■ About this exercise
From the line that contains "Sorriso antes do clareamento dental" to the final line of the records below, print each line exactly and leave every picture out.

■ Materials provided
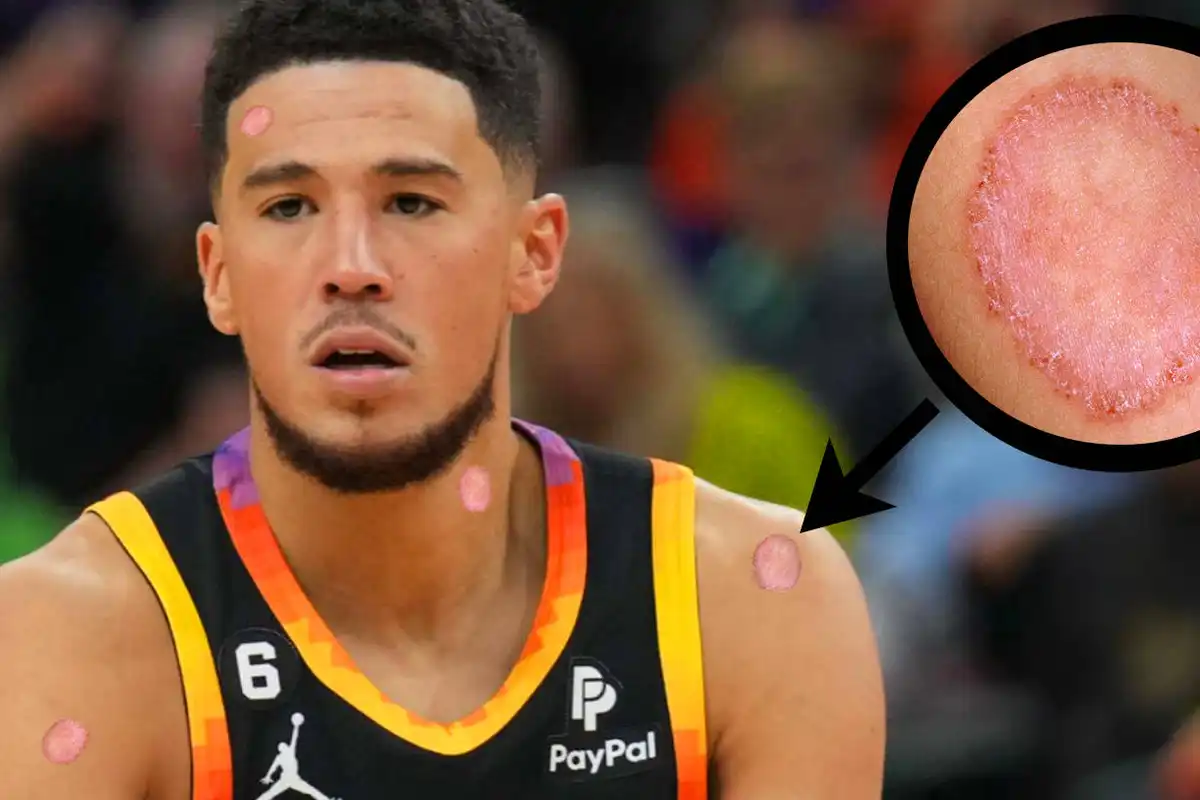 Devin Booker Refuses To Acknowledge His Serious Case of Ringworm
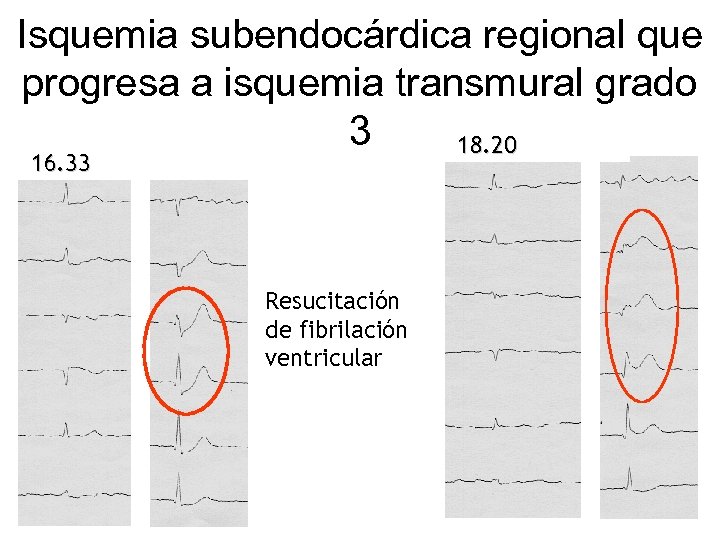 Isquemia subendocárdica regional que progresa a isquemia transmural grado 3 18. 20 16. 33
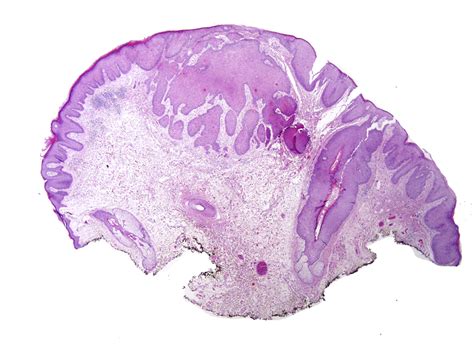 HPV Driven Anal Neoplasia Review And Recent Developments Pathology
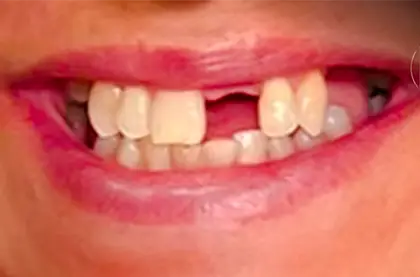 Sorriso antes do clareamento dental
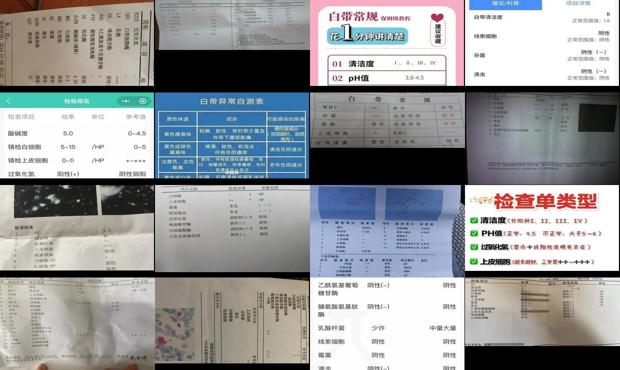 汕头幼师白带常规检查查什么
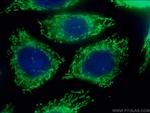 OAT Antibody in Immunocytochemistry (ICC/IF)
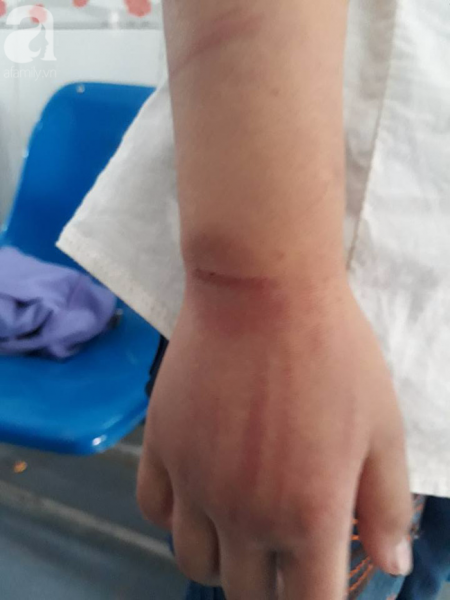 Vụ bé gái 10 tuổi bị bố đánh bầm tím toàn thân: Người mẹ nhiều lần bị chồng đánh đập - Ảnh 4. Vụ bé gái 10 tuổi bị bố đánh bầm tím toàn thân: Người mẹ nhiều lần bị chồng đánh đập - Ảnh 4.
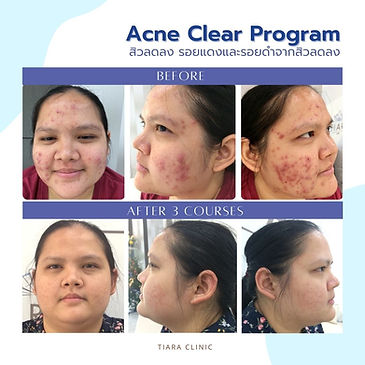 รีวิว ฉีดมาเด้ Made Collagen รักษาสิว สิวอักเสบ สิวฮอร์โมน สิวผื่น สิวผด สิวเรื้อรัง สิวสเตีรอยด์ - Tiara คลินิกความงาม ลาดกระบัง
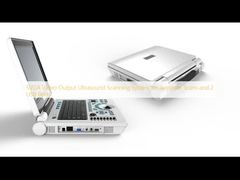 정확한 스캔을 위한 SVGA 비디오 출력 초음파 스캔 시스템 및 2개의 USB 포트
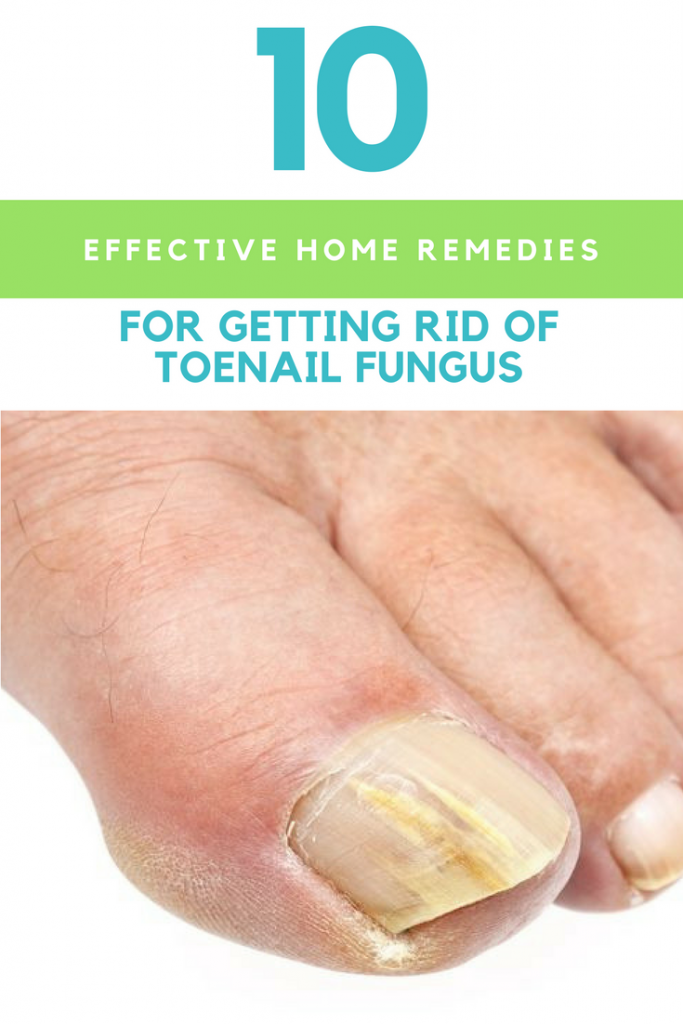 10 Effective Home Remedies For Getting Rid Of Toenail Fungus ...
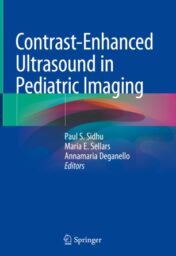 Contrast-Enhanced Ultrasound in Pediatric Imaging 2021 ORIGINAL PDF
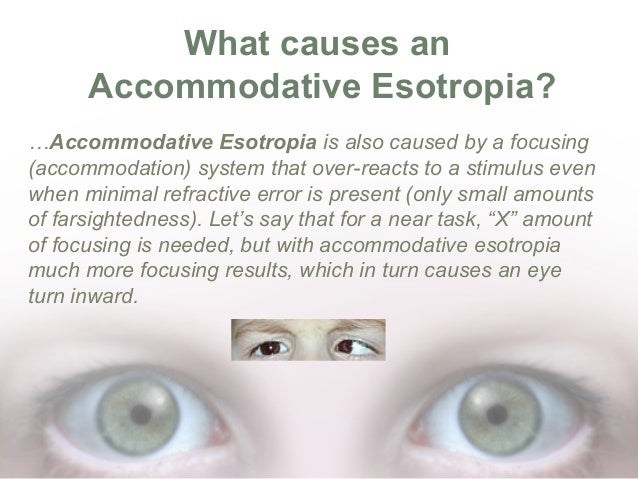 What Is Accommodative Esotropia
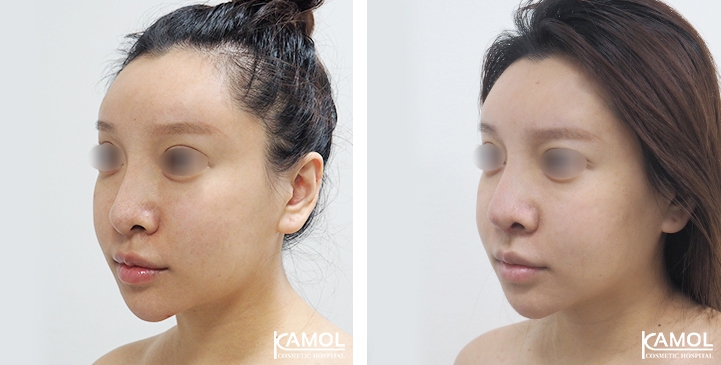 زرع الأنف / تجميل الأنف التعزيزي 68 lg 6494958e65930 image
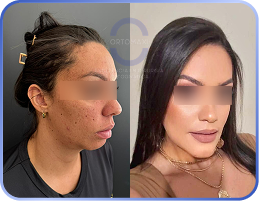 cirurgia-ortognática-antes-e-depois (5)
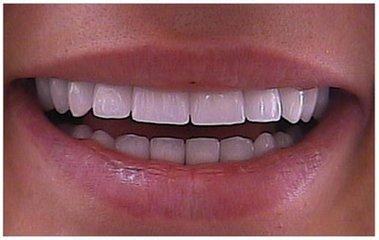 牙套类型价格表 牙套的种类详解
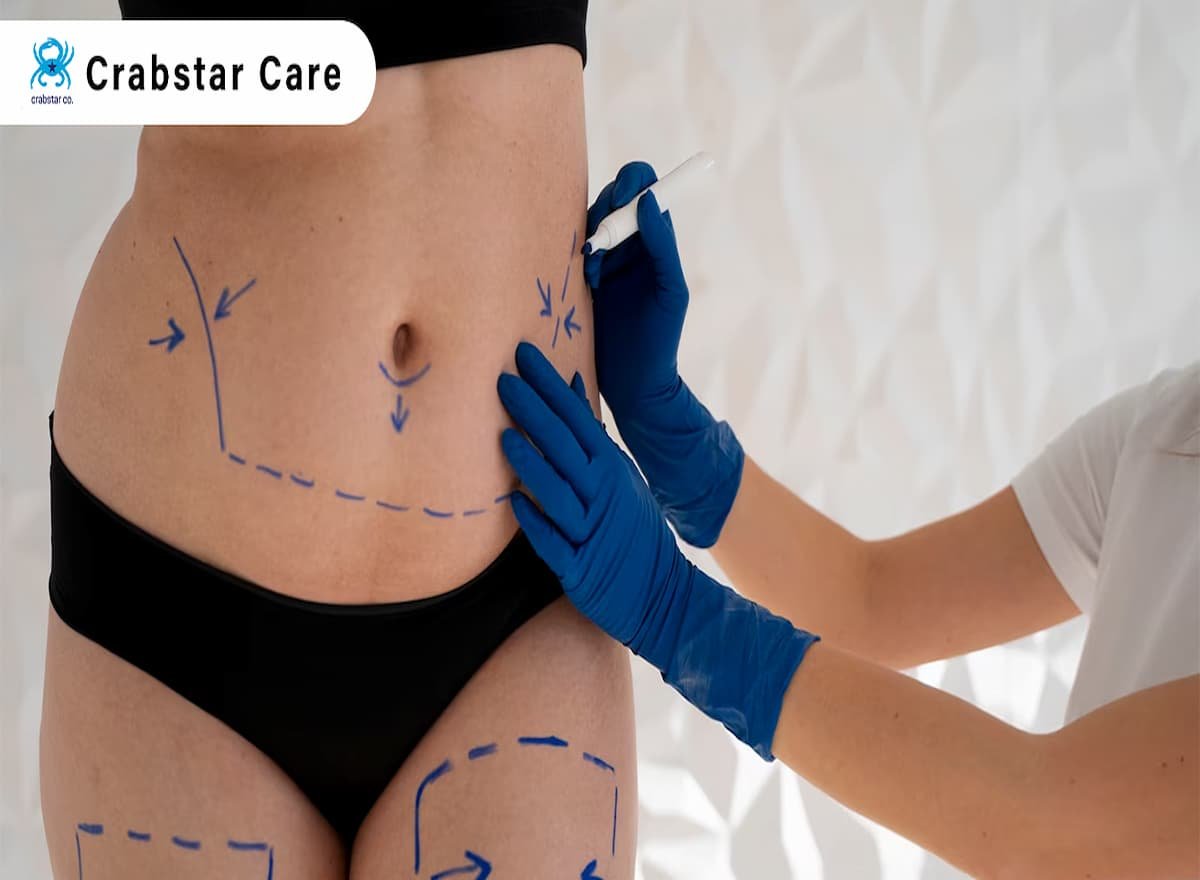 Post-Op Care for Tummy Tuck in Palo Alto: What You Need to Know?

■ Output for this exercise
 Sorriso antes do clareamento dental
 汕头幼师白带常规检查查什么
 OAT Antibody in Immunocytochemistry (ICC/IF)
 Vụ bé gái 10 tuổi bị bố đánh bầm tím toàn thân: Người mẹ nhiều lần bị chồng đánh đập - Ảnh 4. Vụ bé gái 10 tuổi bị bố đánh bầm tím toàn thân: Người mẹ nhiều lần bị chồng đánh đập - Ảnh 4.
 รีวิว ฉีดมาเด้ Made Collagen รักษาสิว สิวอักเสบ สิวฮอร์โมน สิวผื่น สิวผด สิวเรื้อรัง สิวสเตีรอยด์ - Tiara คลินิกความงาม ลาดกระบัง
 정확한 스캔을 위한 SVGA 비디오 출력 초음파 스캔 시스템 및 2개의 USB 포트
 10 Effective Home Remedies For Getting Rid Of Toenail Fungus ...
 Contrast-Enhanced Ultrasound in Pediatric Imaging 2021 ORIGINAL PDF
 What Is Accommodative Esotropia
 زرع الأنف / تجميل الأنف التعزيزي 68 lg 6494958e65930 image
 cirurgia-ortognática-antes-e-depois (5)
 牙套类型价格表 牙套的种类详解
 Post-Op Care for Tummy Tuck in Palo Alto: What You Need to Know?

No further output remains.